The Day to Mark the Departure and Expulsion of Jews from the Arab Countries and Iran (Hebrew: יוֹם לְצִיּוֹן הָיְצִיאָה וְהַגִירוּשׁ שֶׁל הַיְהוּדִים מֵאַרְצוֹת עֲרָב וּמְאִירָאן Yōm ləṢīyyōn haYəṣīʾā vəhaGīrūš šel haYəhūdīm məʾArṣōt ʿĂrāv ūməʾĪrāʾn) is a Memorial Day that is marked in Israel every year starting in 2014, on November 30 with the purpose of marking the departure and expulsion of Jews from Arab countries and Iran. November 30 is the date that was chosen since it is symbolically the day following November 29, a day the United Nations Partition Plan for Palestine was adopted, and when many communities of Jews in Arab countries and Iran started to feel the pressure and hostility from their Arab and Persian neighbors and as a result of that were forced to leave their countries. It is based on a law sponsored by MK Shimon Ohayon (Yisrael Beiteinu) and passed in the summer of 2014 by the Knesset.

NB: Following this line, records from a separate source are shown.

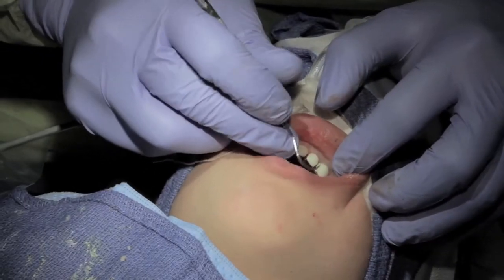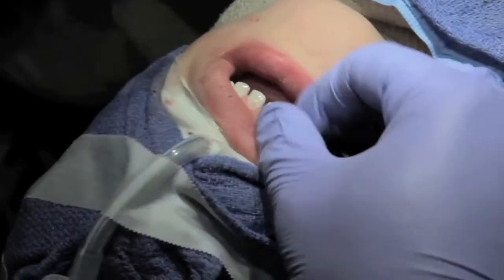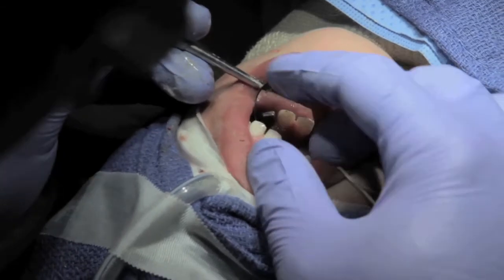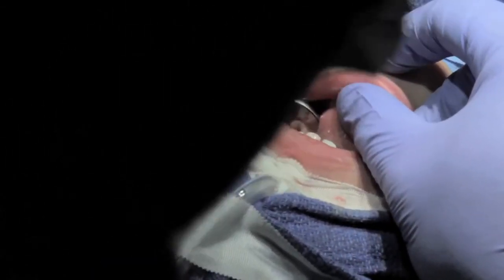Let's go around and remove any excess cement. As you can see, it fits perfectly. The gingiva, as long as the patient keeps it clean, will heal extremely nicely within a day or two. And that's it.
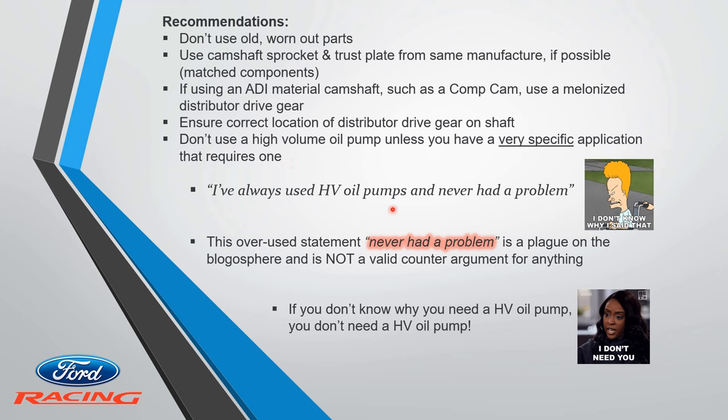Don't use a high volume oil pump unless you have a specific application that requires one. People say 'I've always used high volume oil pumps, never had a problem' — that 'never had a problem' statement is a plague on the blogosphere. The bottom line: if you don't know why you need a high volume oil pump, then you probably don't need a high volume oil pump. Thanks for listening and more to follow.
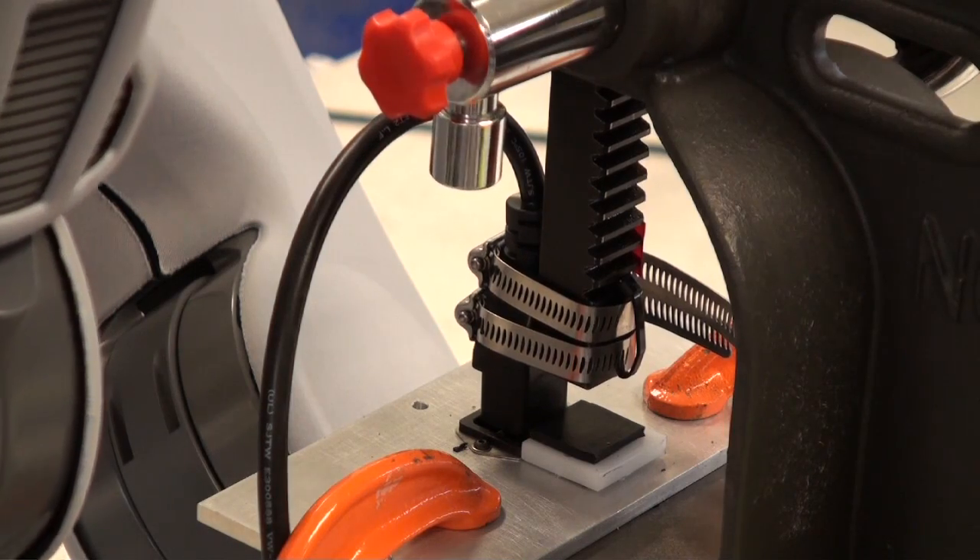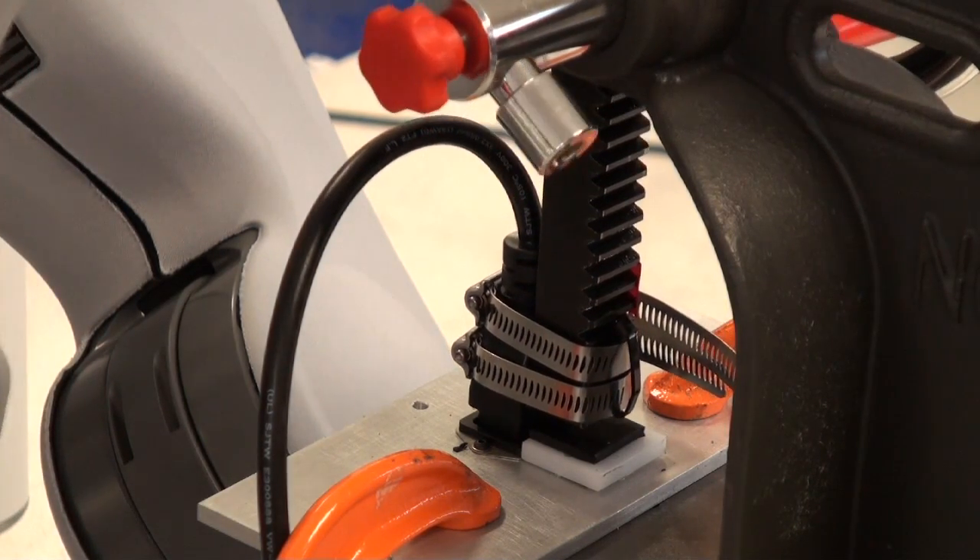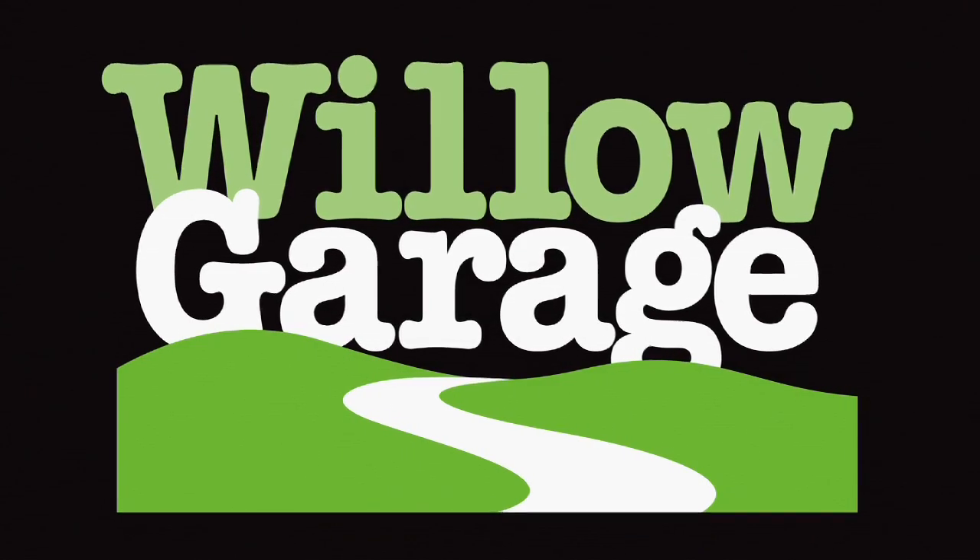Now that we have this system in place to do this relatively boring job thousands of times, I'm glad to let the PR2 take over, and I'm going to go take a break. Thank God I'm not doing this. Exactly.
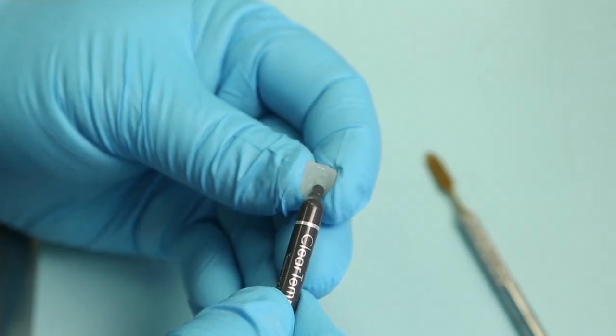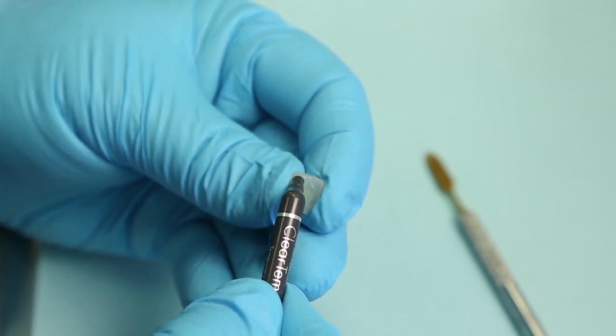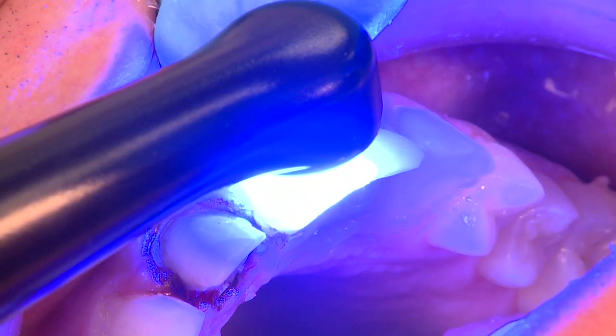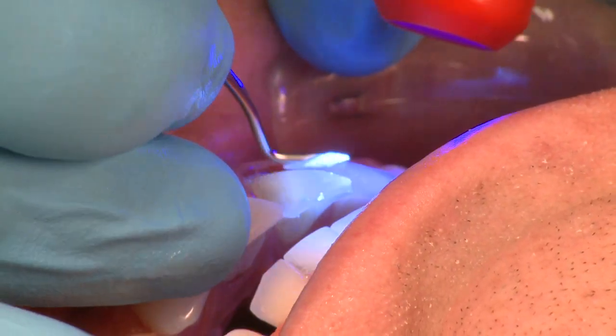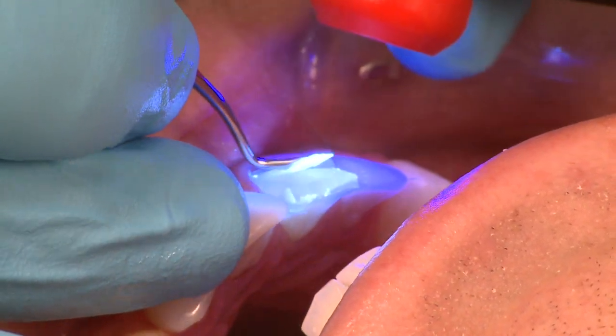So ClearTemp LC is designed to totally seal and totally coat all the preparation and all of the underside of the veneer. Light cured, removing the excess with ease. Upon definitive cementation, one simply hits the surface with a black light to assure that all of this clear provisional material is removed prior to definitive cementation.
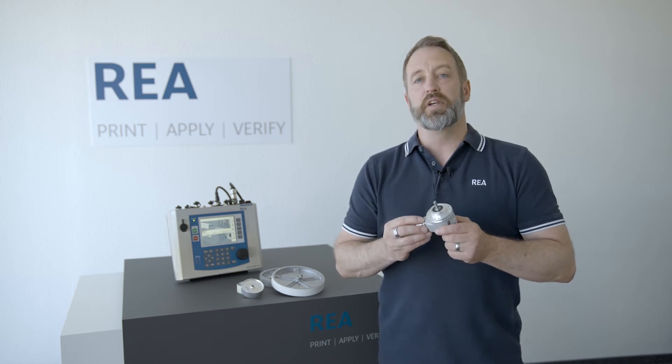Hello and welcome to the RIA tutorial. My name is Peter and today I'm going to show you what a shaft encoder is. A shaft encoder is very important in order to give us the correct speed and position of a product passing our print head, and it guarantees very good print quality.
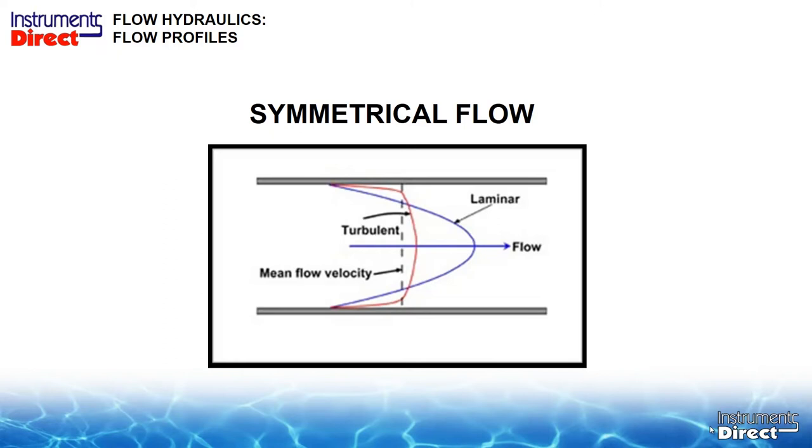If you were to draw a center line down this pipe, the top half of flow would equal the bottom half of flow. This situation normally occurs when we have about 10 pipe diameters after an elbow and 5 pipe diameters before the next obstruction. So on the left-hand side of the picture we have an elbow, move 10 pipe diameters, put our flow sensor there, and have another 5 pipe diameters on the other side before the next obstruction. This is where you'll get your optimum performance on your ultrasonic flow meter.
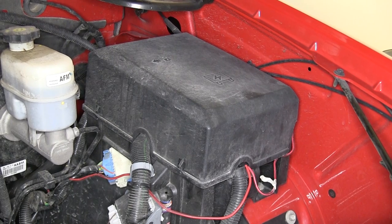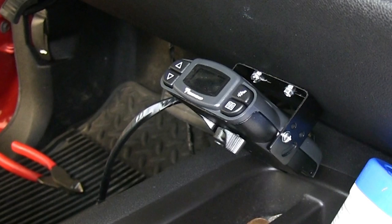And that's it — we're ready to hit the road. That does it for the install of the Tekonsha Prodigy P3 Brake Controller, part number 90195, on our 2011 GMC Sierra.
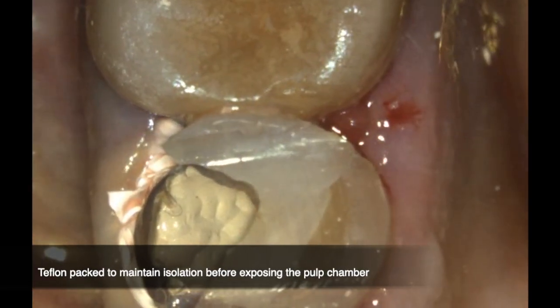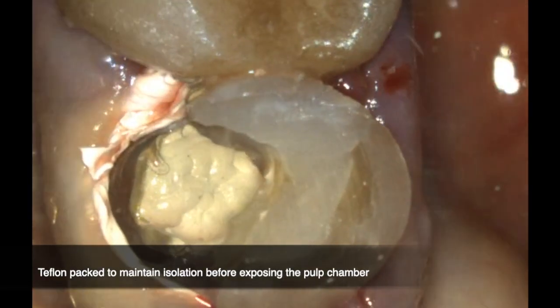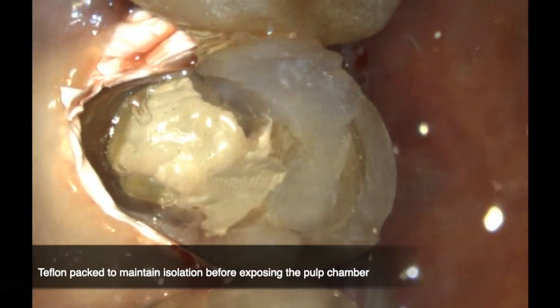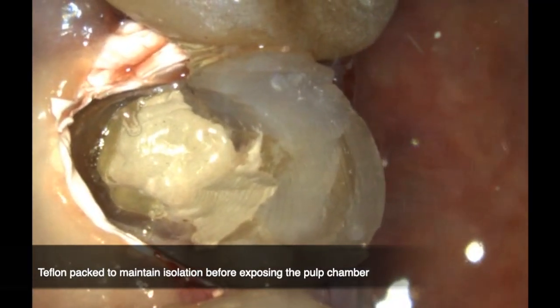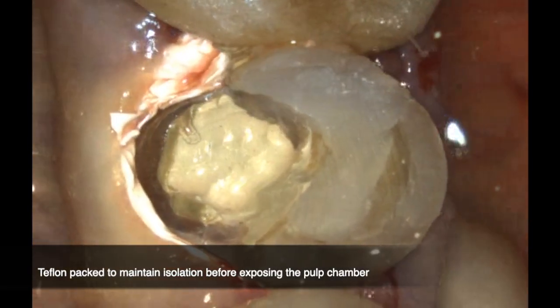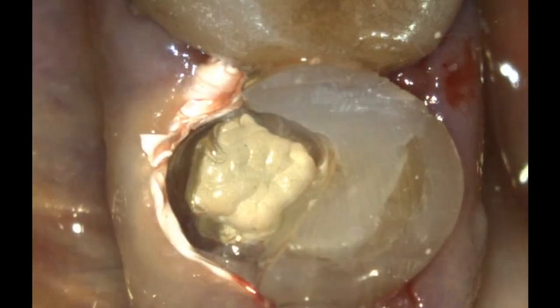The first thing I do is pack Teflon around the deepest areas of the margins. This is to ensure that I maintain isolation — I don't want any crevicular fluids or blood getting into my pulp chamber once I start excavating all the old restorative materials and the temporary filling that the endodontist had placed in the pulp chamber.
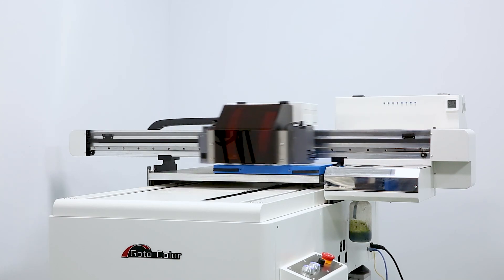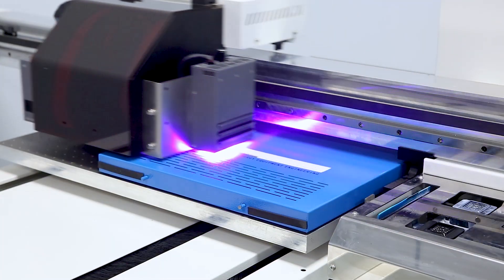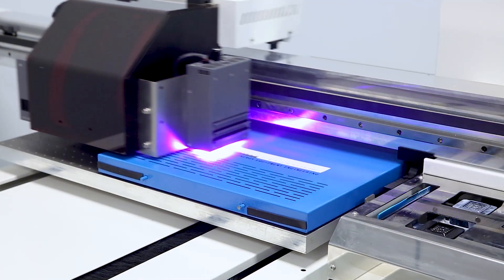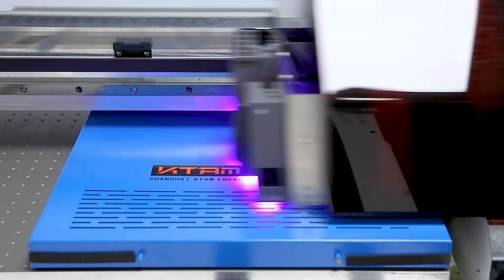Hello, this is GoToColor from Chinese Classic UV Flatbed Printer 6090 — a versatile printer that allows you to print on any substrates and products for all kinds of customized promotional items.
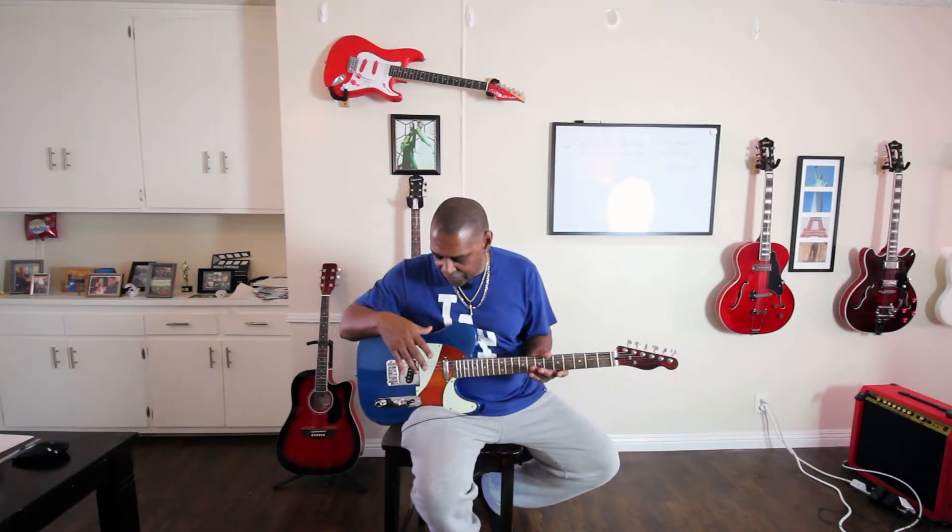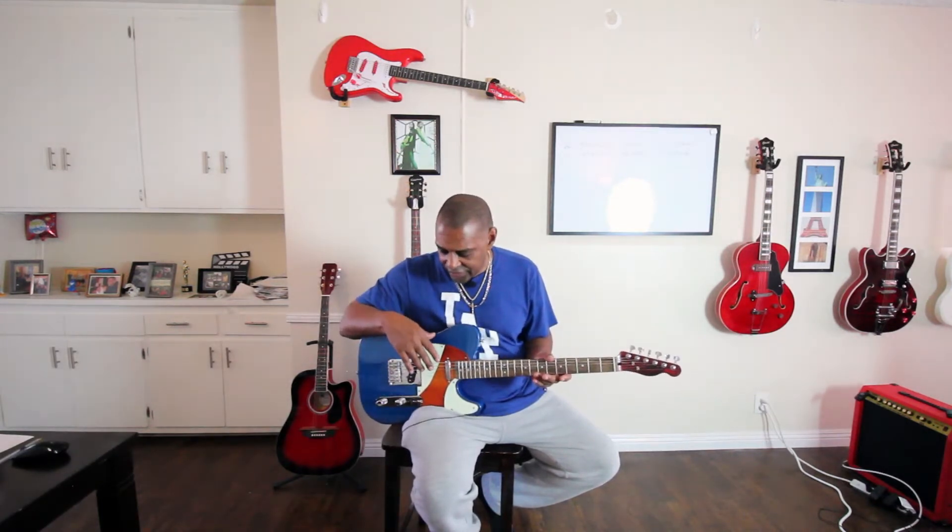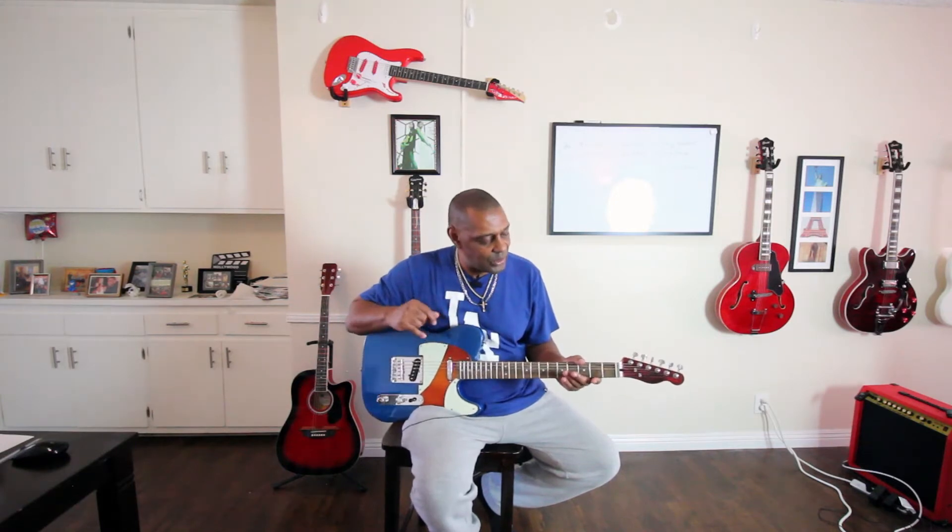Alright, so if you want to make your guitar less bright without having to change pickups — you know what that entails — you have to take the pickguard off and take the strings off. But if you want to make your guitar less bright without doing all that, there's an easy, quick hack that you can do.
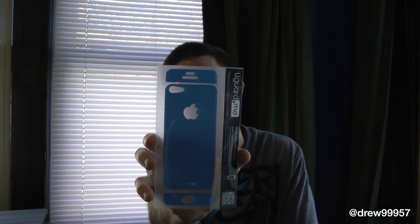Here is the actual skin itself for the iPhone 5. It comes in three parts: you have the top, the actual back, the home button, and the proximity sensor.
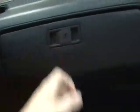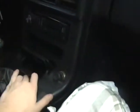It's got the original seats, and it's got a full tank of gas in it. Never been smoked in.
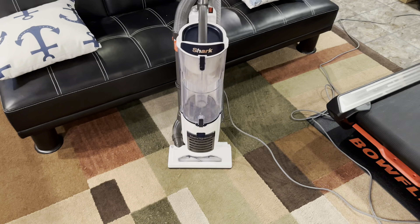I hope you guys enjoyed this video of the Shark Navigator anti-allergen bagless upright. Please like, comment, subscribe, and stay tuned for more reviews from me. Have a great day, everybody. Bye!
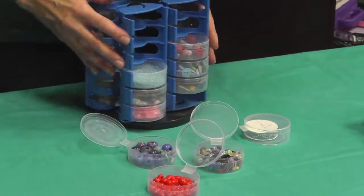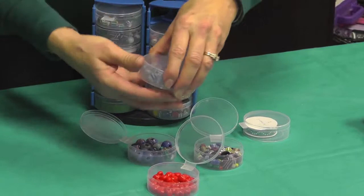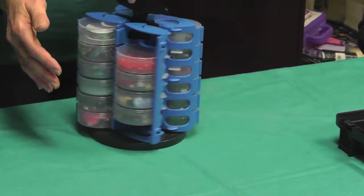This is another one of our organizing products called the Quad Sto-n-Go. It holds up to 24 different items, comes on a turntable, and only takes up a very small footprint area of about 6 by 6.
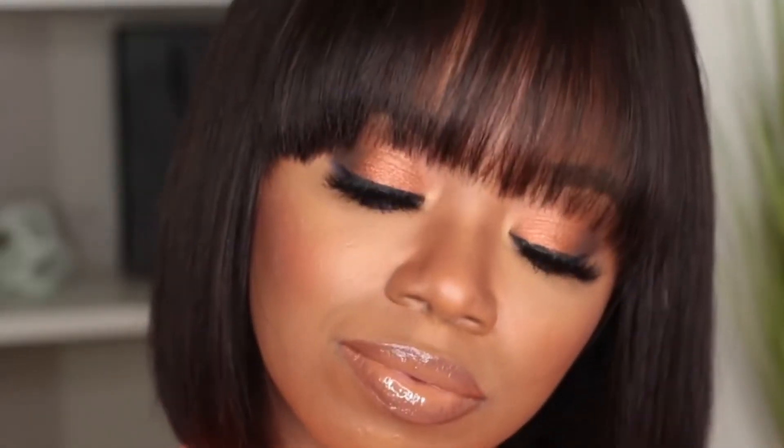Hey everyone, it's me Megs and I'm back with a new Get Cute With Me video with this super cute bob bang wig.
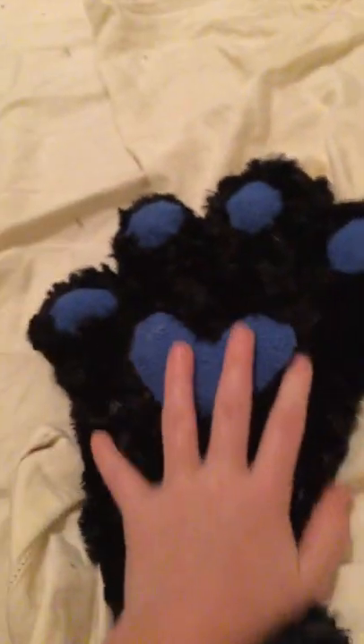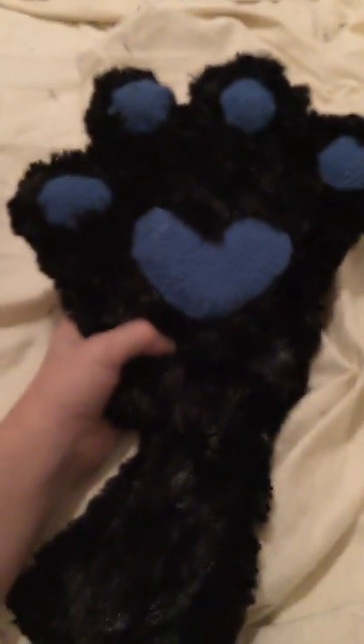I hope you guys enjoyed this video. Leave your thoughts in the comment section below on this paw. It's my first one ever — second one coming soon. See you guys in the next video. Bye. Bye.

For many Mizrahi Jews in Israel it is considered to be a belated recognition of their collective trauma.

Memorialization in Israel
On May 9, 2021, the first physical memorialization in Israel of the Departure and Expulsion of Jews from Arab lands and Iran was placed on the Sherover Promenade in Jerusalem.

The text on the Memorial reads;

"With the birth of the State of Israel, over 850,000
Jews were forced from Arab Lands and Iran.
The desperate refugees were welcomed by Israel.

By Act of the Knesset: Nov. 30, annually, is the
Departure and Expulsion Memorial Day.
Memorial donated by the Jewish American Society for Historic Preservation,
With support from the World Sephardi Federation, City of Jerusalem and the Jerusalem Foundation"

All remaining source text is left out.